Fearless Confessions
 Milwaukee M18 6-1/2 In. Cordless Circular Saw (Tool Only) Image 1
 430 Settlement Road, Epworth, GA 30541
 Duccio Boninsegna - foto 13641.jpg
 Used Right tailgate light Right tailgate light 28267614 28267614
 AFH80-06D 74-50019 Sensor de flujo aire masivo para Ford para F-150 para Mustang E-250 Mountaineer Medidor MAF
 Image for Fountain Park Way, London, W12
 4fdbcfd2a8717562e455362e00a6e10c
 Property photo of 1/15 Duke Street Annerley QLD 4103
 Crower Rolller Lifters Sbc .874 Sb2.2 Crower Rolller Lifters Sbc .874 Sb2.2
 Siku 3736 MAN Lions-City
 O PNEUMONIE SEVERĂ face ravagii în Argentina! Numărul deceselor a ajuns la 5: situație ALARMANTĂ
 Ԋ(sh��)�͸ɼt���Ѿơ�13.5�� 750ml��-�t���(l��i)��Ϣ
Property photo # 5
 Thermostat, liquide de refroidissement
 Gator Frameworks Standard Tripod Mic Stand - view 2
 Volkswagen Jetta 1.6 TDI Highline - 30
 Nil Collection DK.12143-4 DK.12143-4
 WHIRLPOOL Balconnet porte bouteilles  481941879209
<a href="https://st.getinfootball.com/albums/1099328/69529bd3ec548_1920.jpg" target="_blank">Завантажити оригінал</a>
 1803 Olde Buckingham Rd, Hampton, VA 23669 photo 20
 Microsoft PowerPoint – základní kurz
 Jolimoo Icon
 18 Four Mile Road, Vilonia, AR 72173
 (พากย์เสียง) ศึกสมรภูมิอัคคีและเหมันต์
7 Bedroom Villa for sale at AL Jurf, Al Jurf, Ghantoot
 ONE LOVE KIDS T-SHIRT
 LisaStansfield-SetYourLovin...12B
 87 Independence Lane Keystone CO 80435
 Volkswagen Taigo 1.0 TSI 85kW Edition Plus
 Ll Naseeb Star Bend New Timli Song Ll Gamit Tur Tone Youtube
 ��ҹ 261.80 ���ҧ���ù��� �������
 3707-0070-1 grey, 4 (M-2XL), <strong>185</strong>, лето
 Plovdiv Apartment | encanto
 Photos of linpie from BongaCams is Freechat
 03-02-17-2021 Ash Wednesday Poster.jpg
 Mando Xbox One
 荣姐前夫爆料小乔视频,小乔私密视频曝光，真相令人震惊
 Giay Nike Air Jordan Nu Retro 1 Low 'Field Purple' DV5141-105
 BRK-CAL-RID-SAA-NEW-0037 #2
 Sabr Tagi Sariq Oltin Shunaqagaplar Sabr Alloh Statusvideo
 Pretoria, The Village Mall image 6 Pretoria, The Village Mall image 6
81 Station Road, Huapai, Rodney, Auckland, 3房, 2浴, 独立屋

--*--

> _WORK TASK_:
Here, the records must be output exactly and in full.

> _OUTPUT FOR THIS EXERCISE_:
Fearless Confessions
 Milwaukee M18 6-1/2 In. Cordless Circular Saw (Tool Only) Image 1
 430 Settlement Road, Epworth, GA 30541
 Duccio Boninsegna - foto 13641.jpg
 Used Right tailgate light Right tailgate light 28267614 28267614
 AFH80-06D 74-50019 Sensor de flujo aire masivo para Ford para F-150 para Mustang E-250 Mountaineer Medidor MAF
 Image for Fountain Park Way, London, W12
 4fdbcfd2a8717562e455362e00a6e10c
 Property photo of 1/15 Duke Street Annerley QLD 4103
 Crower Rolller Lifters Sbc .874 Sb2.2 Crower Rolller Lifters Sbc .874 Sb2.2
 Siku 3736 MAN Lions-City
 O PNEUMONIE SEVERĂ face ravagii în Argentina! Numărul deceselor a ajuns la 5: situație ALARMANTĂ
 Ԋ(sh��)�͸ɼt���Ѿơ�13.5�� 750ml��-�t���(l��i)��Ϣ
Property photo # 5
 Thermostat, liquide de refroidissement
 Gator Frameworks Standard Tripod Mic Stand - view 2
 Volkswagen Jetta 1.6 TDI Highline - 30
 Nil Collection DK.12143-4 DK.12143-4
 WHIRLPOOL Balconnet porte bouteilles  481941879209
<a href="https://st.getinfootball.com/albums/1099328/69529bd3ec548_1920.jpg" target="_blank">Завантажити оригінал</a>
 1803 Olde Buckingham Rd, Hampton, VA 23669 photo 20
 Microsoft PowerPoint – základní kurz
 Jolimoo Icon
 18 Four Mile Road, Vilonia, AR 72173
 (พากย์เสียง) ศึกสมรภูมิอัคคีและเหมันต์
7 Bedroom Villa for sale at AL Jurf, Al Jurf, Ghantoot
 ONE LOVE KIDS T-SHIRT
 LisaStansfield-SetYourLovin...12B
 87 Independence Lane Keystone CO 80435
 Volkswagen Taigo 1.0 TSI 85kW Edition Plus
 Ll Naseeb Star Bend New Timli Song Ll Gamit Tur Tone Youtube
 ��ҹ 261.80 ���ҧ���ù��� �������
 3707-0070-1 grey, 4 (M-2XL), <strong>185</strong>, лето
 Plovdiv Apartment | encanto
 Photos of linpie from BongaCams is Freechat
 03-02-17-2021 Ash Wednesday Poster.jpg
 Mando Xbox One
 荣姐前夫爆料小乔视频,小乔私密视频曝光，真相令人震惊
 Giay Nike Air Jordan Nu Retro 1 Low 'Field Purple' DV5141-105
 BRK-CAL-RID-SAA-NEW-0037 #2
 Sabr Tagi Sariq Oltin Shunaqagaplar Sabr Alloh Statusvideo
 Pretoria, The Village Mall image 6 Pretoria, The Village Mall image 6
81 Station Road, Huapai, Rodney, Auckland, 3房, 2浴, 独立屋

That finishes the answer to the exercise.